Actuellement, un mouvement de subduction s’exerce ainsi le long de l’île de Sumatra, entre la plaque indo-australienne océanique, qui passe à la vitesse de quatre à cinq centimètres par an sous la plaque continentale de la Sonde, qui marque le sud-est de l’Asie. Soit cinq mètres tous les cent ans. « Il y a là une énergie phénoménale qui s’accumule lentement. Quand ces cinq mètres se relâchent en quelques minutes, cela provoque un séisme gigantesque », expliquait au Monde, en 2004, Mohamed Chlieh, spécialiste de la tectonique indonésienne, qui collabore au California Institute of Technology (Caltech, Etats-Unis) et à l’Institut de physique du globe de Paris (IPGP).

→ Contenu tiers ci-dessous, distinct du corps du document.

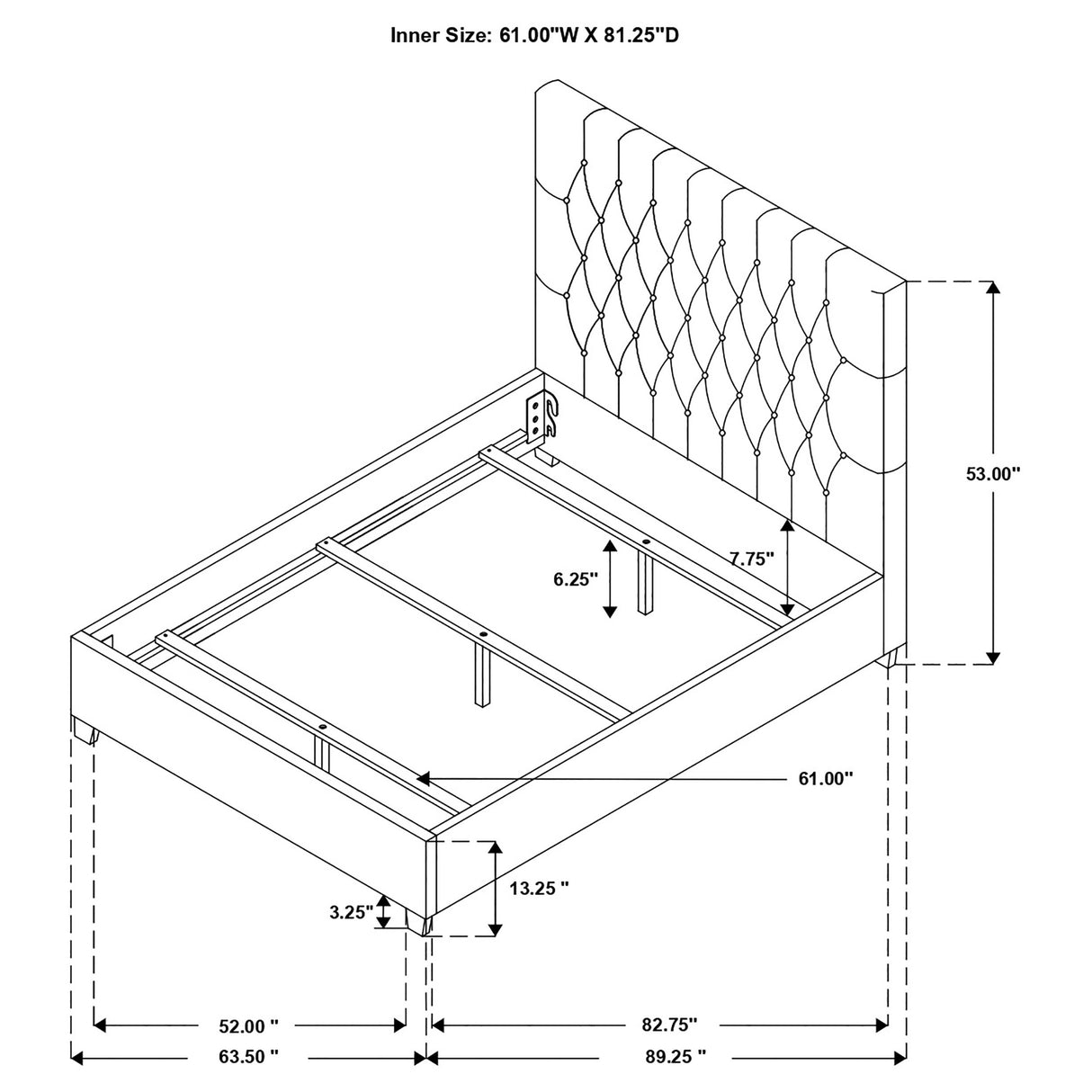Chloe Panel Bed - Furniture World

Ce fut notamment le cas en décembre 2004. Un tsunami a été provoqué par un séisme sous-marin de magnitude 9,3 survenu au large de Sumatra, dans l’ouest de l’archipel indonésien. Le phénomène a tué 220 000 personnes dans les pays qui bordent l’océan Indien, dont 168 000 en Indonésie.

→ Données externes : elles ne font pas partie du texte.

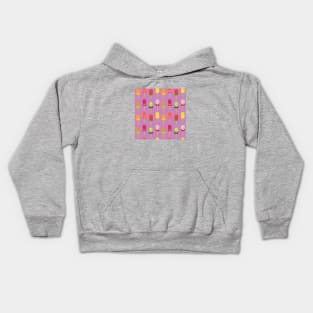 Fruit popsicles - Pink Kids Hoodie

Mais l’énergie accumulée par le phénomène de subduction est telle qu’elle ne peut se dissiper en une seule fois. Aussi, provoque-t-elle de nombreuses répliques de séisme. Si la plupart ne sont pas dangereuses, d’autres peuvent s’avérer meurtrières. C’est le cas de la secousse ressentie, dimanche 5 août, sur l’île de Lombok, d’une magnitude de 6,3. Elle devrait d’ailleurs être elle-même suivie d’autres répliques, ont prévenu les scientifiques.
Un gros séisme tous les deux cents ans
Un phénomène qui va croissant. Dans la région, l’activité sismique « de fond a toujours été là, à savoir des séismes de l’ordre de 3, 4, 5, voire 6 degrés sur l’échelle de Richter, mais ceux que nous rencontrons aujourd’hui sont plus puissants, et surtout, plus réguliers, affirmait, en 2009, à Science actualités, Hélène Hébert, géophysicienne au Commissariat à l’énergie atomique (CEA). Cette pression engrangée depuis plus de cent ans se répercute donc aujourd’hui dans des phénomènes d’une ampleur impressionnante. »
En raison de son volcanisme et de sa sismicité exacerbés, l’archipel indonésien et sa région environnante sont d’ailleurs étudiés de près par des chercheurs du monde entier. Depuis le séisme de 2004, plus d’une centaine de stations sismiques ont été installées sur tous les territoires indonésiens. En étudiant les coraux de la région aux rayons X, et en les datant au strontium-uranium, les chercheurs ont pu établir que les gros séismes de la région ont lieu tous les deux cents ans en moyenne.